On Mon, Feb 10, 2014 at 10:32 PM, Ben Langmuir <[email protected]> wrote:
> Hi Doug et al.
>
> This is the first patch in the implementation of the virtual file system
> discussed here:
> http://lists.cs.uiuc.edu/pipermail/cfe-dev/2014-February/035188.html. It is
> intended to include enough of the AbstractFileSystem interface to replace the
> use of llvm::sys::fs in FileManager. Incidentally, I’ve included a number of
> the convenience methods that are trivially implemented on top of the status
> object. When created by the CompilerInstance, FileManager will use a virtual
> file system created by the CI, but to avoid modifying every other user of the
> FileManager, in the absence of an explicit AbstractFileSystem to use, it will
> default to the real file system during construction.
>
> Additionally, I’ve included a stub implementation of the OverlayFileSystem,
> which the CompilerInstance uses.
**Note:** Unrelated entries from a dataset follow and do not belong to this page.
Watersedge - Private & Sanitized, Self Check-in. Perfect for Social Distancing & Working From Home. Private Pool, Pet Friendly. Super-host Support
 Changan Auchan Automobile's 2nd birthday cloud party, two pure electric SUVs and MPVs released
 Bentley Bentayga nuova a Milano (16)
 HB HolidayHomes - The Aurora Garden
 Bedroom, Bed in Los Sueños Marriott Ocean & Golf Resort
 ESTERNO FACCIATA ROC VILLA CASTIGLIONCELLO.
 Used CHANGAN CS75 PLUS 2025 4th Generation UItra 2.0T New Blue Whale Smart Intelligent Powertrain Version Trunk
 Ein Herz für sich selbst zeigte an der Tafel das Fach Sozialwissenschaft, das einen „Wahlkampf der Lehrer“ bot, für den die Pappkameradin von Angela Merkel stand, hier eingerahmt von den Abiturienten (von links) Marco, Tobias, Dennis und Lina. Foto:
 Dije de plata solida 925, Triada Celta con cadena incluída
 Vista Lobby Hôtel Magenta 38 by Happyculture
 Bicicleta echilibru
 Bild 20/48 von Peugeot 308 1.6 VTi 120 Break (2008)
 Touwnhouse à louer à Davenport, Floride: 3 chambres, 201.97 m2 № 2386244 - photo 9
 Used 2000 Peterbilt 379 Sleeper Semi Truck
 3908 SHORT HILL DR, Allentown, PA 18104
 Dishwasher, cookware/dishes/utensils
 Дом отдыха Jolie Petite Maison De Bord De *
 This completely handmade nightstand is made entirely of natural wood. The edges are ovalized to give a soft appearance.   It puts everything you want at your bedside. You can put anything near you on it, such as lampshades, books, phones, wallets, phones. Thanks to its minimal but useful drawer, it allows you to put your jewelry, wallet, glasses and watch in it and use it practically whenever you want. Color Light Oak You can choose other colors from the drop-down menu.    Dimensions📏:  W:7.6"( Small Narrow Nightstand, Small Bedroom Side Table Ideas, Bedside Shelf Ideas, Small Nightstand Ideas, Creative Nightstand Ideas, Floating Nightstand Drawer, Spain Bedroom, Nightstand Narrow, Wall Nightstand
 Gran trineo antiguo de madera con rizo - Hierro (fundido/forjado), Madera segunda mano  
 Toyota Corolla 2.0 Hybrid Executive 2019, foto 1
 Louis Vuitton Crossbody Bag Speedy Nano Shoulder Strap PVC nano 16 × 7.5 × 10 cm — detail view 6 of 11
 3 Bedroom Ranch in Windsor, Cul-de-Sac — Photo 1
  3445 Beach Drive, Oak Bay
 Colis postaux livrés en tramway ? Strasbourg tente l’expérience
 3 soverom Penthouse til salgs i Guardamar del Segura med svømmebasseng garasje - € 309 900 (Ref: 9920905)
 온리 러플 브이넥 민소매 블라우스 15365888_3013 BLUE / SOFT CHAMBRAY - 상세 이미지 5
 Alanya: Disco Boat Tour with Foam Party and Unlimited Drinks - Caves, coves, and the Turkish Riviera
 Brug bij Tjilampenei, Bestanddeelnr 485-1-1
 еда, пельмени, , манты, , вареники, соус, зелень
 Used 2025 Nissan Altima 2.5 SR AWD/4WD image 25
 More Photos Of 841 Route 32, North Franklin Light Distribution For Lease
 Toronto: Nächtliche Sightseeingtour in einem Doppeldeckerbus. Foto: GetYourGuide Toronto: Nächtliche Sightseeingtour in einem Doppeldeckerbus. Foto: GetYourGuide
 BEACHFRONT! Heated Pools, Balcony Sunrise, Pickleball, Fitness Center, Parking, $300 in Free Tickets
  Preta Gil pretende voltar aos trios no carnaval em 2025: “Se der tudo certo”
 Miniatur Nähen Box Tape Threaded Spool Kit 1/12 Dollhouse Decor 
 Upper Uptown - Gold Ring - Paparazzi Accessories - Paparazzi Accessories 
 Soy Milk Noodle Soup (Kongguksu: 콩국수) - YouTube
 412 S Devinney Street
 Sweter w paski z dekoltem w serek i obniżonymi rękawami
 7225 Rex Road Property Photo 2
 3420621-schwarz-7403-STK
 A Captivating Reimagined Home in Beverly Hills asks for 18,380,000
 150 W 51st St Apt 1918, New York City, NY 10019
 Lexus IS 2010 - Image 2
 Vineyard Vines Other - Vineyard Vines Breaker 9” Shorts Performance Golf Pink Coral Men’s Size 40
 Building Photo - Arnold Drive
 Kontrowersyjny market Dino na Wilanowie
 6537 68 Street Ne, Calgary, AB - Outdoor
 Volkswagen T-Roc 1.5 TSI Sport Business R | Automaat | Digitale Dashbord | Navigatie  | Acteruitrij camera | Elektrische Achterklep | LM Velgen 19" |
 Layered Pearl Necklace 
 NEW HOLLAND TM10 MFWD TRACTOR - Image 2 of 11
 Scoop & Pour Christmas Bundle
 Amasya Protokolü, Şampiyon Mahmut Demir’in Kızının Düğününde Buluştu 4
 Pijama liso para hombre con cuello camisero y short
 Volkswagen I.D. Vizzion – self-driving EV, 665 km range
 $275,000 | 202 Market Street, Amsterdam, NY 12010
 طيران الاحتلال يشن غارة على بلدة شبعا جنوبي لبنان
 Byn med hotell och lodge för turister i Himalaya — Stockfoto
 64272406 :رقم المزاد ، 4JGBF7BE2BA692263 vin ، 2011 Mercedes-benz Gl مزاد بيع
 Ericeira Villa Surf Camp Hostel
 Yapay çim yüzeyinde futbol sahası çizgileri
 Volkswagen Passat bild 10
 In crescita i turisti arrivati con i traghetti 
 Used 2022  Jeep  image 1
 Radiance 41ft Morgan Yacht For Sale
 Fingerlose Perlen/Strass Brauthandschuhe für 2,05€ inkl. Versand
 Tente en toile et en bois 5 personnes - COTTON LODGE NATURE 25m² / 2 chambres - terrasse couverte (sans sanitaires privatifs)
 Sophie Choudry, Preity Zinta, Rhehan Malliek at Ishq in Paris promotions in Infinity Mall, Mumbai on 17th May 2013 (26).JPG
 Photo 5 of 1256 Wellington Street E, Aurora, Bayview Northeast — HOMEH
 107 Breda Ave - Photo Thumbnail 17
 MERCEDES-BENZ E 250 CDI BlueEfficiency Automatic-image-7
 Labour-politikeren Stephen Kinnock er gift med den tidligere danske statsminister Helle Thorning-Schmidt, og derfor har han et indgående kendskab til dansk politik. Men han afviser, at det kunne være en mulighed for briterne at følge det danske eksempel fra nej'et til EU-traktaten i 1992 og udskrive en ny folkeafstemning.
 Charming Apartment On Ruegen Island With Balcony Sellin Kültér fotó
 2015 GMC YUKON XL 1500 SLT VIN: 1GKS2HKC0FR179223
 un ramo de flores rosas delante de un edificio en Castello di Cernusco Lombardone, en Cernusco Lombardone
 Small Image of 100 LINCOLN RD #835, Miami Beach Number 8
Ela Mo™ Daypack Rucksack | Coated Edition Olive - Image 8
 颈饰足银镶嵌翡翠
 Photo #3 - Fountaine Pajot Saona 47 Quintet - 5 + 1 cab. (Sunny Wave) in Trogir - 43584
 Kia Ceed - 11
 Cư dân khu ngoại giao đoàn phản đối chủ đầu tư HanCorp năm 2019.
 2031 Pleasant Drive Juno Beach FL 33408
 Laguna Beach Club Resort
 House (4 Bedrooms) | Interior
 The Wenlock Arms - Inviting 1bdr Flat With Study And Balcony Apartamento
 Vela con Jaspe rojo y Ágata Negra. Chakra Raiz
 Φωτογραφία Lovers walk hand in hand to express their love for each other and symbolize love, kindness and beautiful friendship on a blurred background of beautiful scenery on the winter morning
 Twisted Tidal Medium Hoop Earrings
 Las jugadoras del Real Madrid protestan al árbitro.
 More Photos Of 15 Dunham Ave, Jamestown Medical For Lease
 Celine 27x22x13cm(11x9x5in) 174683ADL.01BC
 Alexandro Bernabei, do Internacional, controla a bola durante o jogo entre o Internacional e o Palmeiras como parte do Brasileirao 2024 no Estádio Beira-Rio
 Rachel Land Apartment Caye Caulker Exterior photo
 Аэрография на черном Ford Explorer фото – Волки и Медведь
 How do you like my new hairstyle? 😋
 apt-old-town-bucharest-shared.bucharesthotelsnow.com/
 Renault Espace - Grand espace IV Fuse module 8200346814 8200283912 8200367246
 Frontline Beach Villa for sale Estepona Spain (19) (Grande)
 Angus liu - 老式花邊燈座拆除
It is able to overlay files from a second
> file system, but will not merge directories correctly yet. There are no
> users that actually push a second file system yet (other than the included
> unit test).
>
> This patch is notably missing: the interfaces for recursive directory
> traversal, file system modification (create dir, rename, etc.), and any
> notion of thread safety.
Hi Ben,
This is looking great!
+/// \brief A file system that allows overlaying one \p
AbstractFileSystem on top
+/// of another.
+///
+/// Consists of a stack of >=1 \p AbstractFileSytem objects, which are treated
+/// as being one merged file system. When there is a directory that exists
+/// in more than one file system, the \p OverlayFileSystem contains a directory
+/// containing the union of their contents. When there is a file
that exists in
+/// more that one file system, the file in the top-most (most recently added)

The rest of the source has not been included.